マイクロエレクトロニクス製造サプライチェーンの国際展示会である「SEMICON JAPAN」(2021年12月15〜17日)が、2年ぶりに東京ビッグサイトで開催される。半導体業界では、新型コロナウイルス感染症(COVID-19)のパンデミックや半導体不足といった困難が続く一方で、それらが市場成長を後押しし、2021年の世界半導体市場規模は過去最高となる見通しだ。SEMIジャパンの代表取締役を務める浜島雅彦氏に、今回のSEMICON JAPANの狙いの他、昨今の半導体業界の動向や課題に対する見解を聞いた。
マイクロエレクトロニクス製造サプライチェーンの国際展示会である「SEMICON JAPAN」(2021年12月15〜17日)が、2年ぶりに東京ビッグサイトで開催される。半導体業界では、新型コロナウイルス感染症(COVID-19)のパンデミックや半導体不足といった困難が続く一方で、それらが市場成長を後押しし、2021年の世界半導体市場規模は過去最高となる見通しだ。SEMIジャパンの代表取締役を務める浜島雅彦氏に、今回のSEMICON JAPANの狙いの他、昨今の半導体業界の動向や課題に対する見解を聞いた。

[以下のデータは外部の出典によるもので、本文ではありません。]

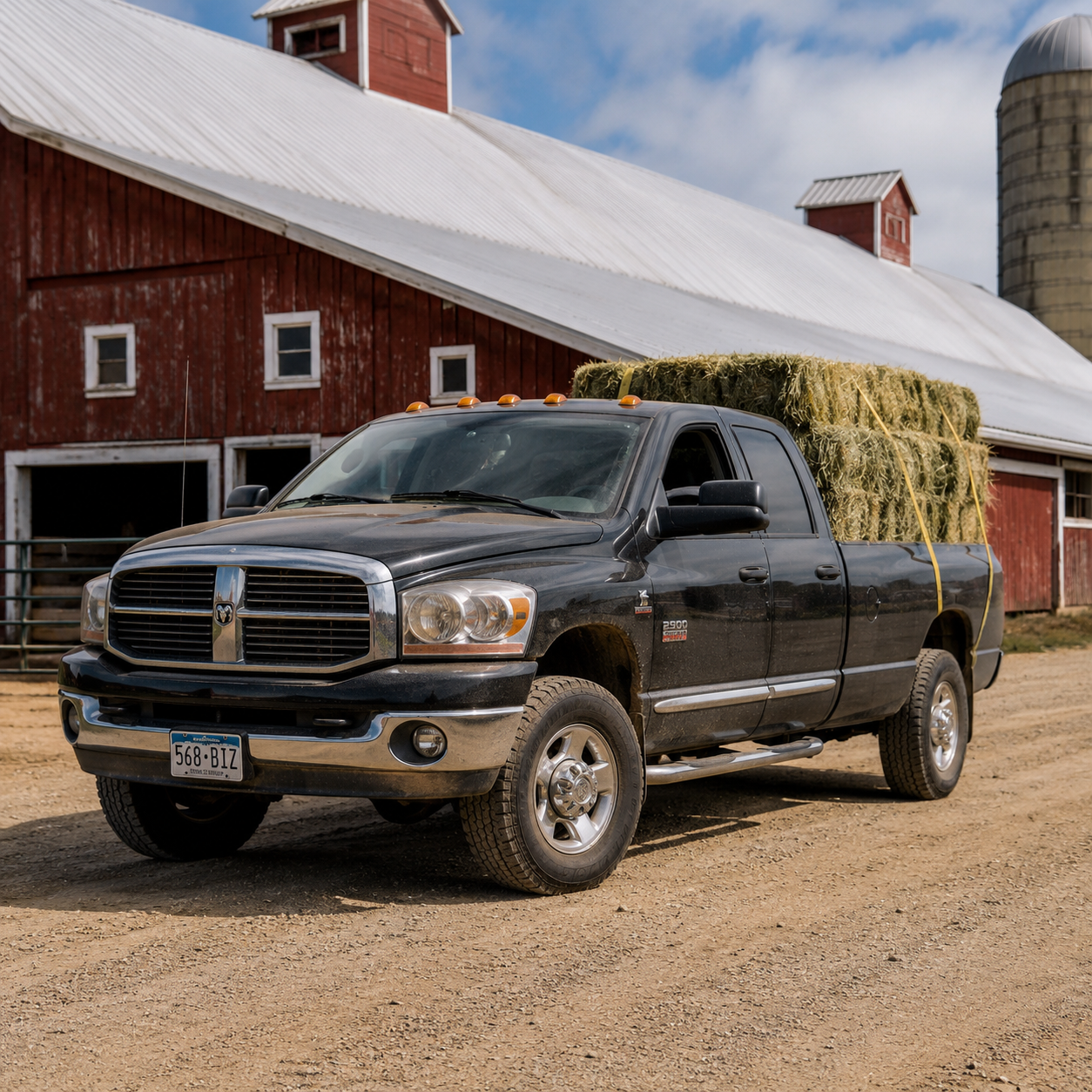 2008 Dodge Ram 2500 diesel truck loaded with hay bales on an American farm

――COVID-19のパンデミックが発生して2年近くになります。この間、SEMIジャパンが最も力を入れてきた活動は何でしょうか。
浜島雅彦氏 ひとことで言うなら、“情報伝達のDX(デジタルトランスフォーメーション)”だ。2020年春にはウェビナーを立ち上げ、半導体業界のトレンドに沿ったテーマで年間8〜10回開催した。技術的なテーマだけでなく、コンサルタントの方々を講師に招き、地政学的な問題も含めた業界の現状を語っていただいたことは、SEMIジャパンとしては目新しかったのではないか。ウェビナーには毎回数百人、多い時には800人ほどの登録があった。
もう一つ、SEMI会員のデータベースを活用する、オンラインのビジネスマッチングイベント「SEMI パートナーサーチ」も立ち上げ、これまでに数回開催した。SEMI会員企業が出展社となり、自社の技術や製品/サービスを、SEMIの会員向けに紹介できるというものだ。ニッチな技術や製品でも、SEMIの会員にピンポイントで情報を発信できるので、非常に評判がよかった。

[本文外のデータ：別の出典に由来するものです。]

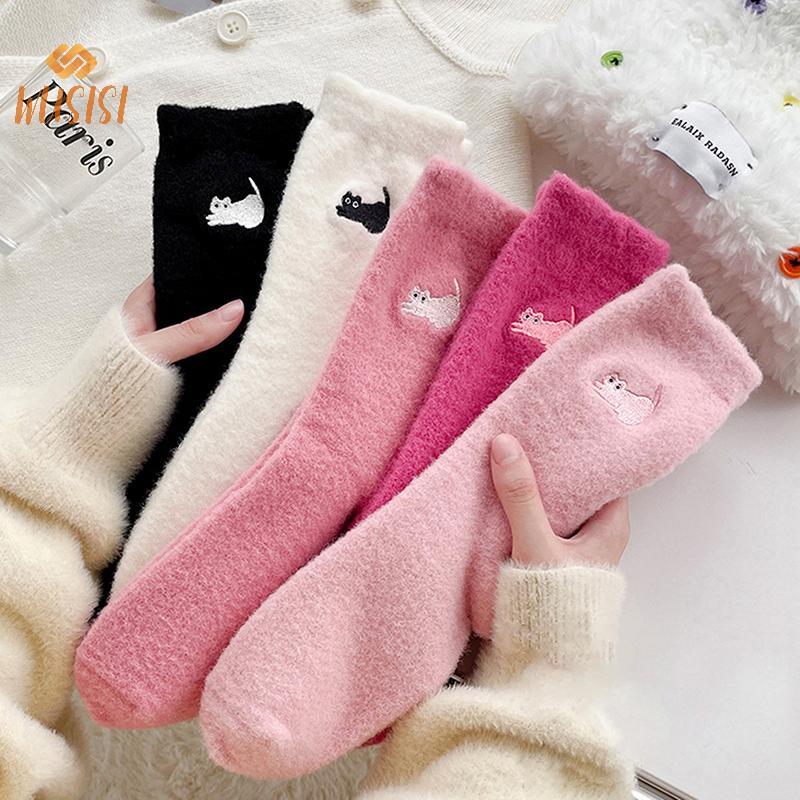 [WUSISI] Tất siêu mềm lông chồn dễ thương dành cho nữ Mùa đông ấm áp lông chồn ấm áp Hàng dệt kim dày sang trọng Ngủ ấm áp tại nhà Tất lông tơ MỚI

――COVID-19によって、半導体業界も大きく変わっていると感じます。
浜島氏 さまざまな分野でDXが後押しされたというのが、最も大きな影響の一つではないか。DXをサポートするのは、ほぼ全て半導体と言っても過言ではない。そのため半導体への需要が非常に高く、製造装置メーカー、材料メーカーともに活況だ。ただ皮肉なことに、製造装置メーカーも、装置に搭載する半導体が足りない状況になっている。近々、SEMIでも、装置メーカーや材料メーカーを中心に現状をヒアリングする予定だ。
――TSMCによる日本工場の建設や、経済産業省による半導体政策の見直しなど、半導体をめぐる国内の動きが活発になっています。SEMIジャパンとしては、こうした動きをどう見ていますか。

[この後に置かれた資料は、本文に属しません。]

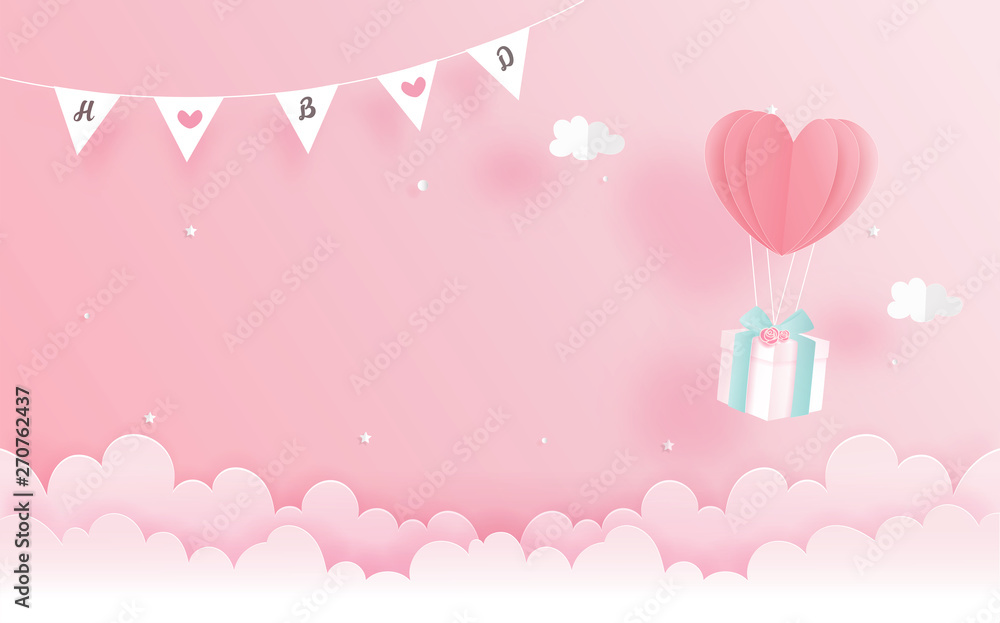 Birthday card in paper cut style vector illustration.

浜島氏 半導体産業が注目され、期待されること自体は歓迎すべきことだ。これまでの日本では、半導体デバイスの競争力が低下していく中で、政府や民間企業の間でも半導体に対する認識は決してポジティブなものではなかった。それが現在は、半導体不足という背景もあり確実に変わってきている。TSMCの工場建設も、1つのニュースとして捉える分には、良いことなのではないか。
――TSMCの日本工場建設は、経済安全保障上の意義があるという主張もあります。
浜島氏 半導体やエレクトロニクスのサプライチェーンは、国で分けられるようなものではなく、本質的にグローバルなものだ。それを全て自国で完結しようと考えた瞬間に、破綻してしまうのではないか。
材料一つとっても、例えばレアアースは世界中で採掘できる物質ではない。材料の他にも、電気や水などのインフラ、労働力、設計開発力、そうした全ての要素を考慮すれば、サプライチェーンはグローバルであることが健全だ。現在は、どうしても半導体産業が地政学的な切り札として使われてしまう傾向が強いが、本来はそうあるべきではないと考えている。
この50年間で半導体技術がすさまじい発展を遂げてきたのは、フェアな開発競争があったからだ。「懸命に開発して良いものを作れば、しっかりと成果を得られる」、そうしたシンプルで公平な競争が世界レベルで起きていたことが、半導体産業発展の源泉になっている。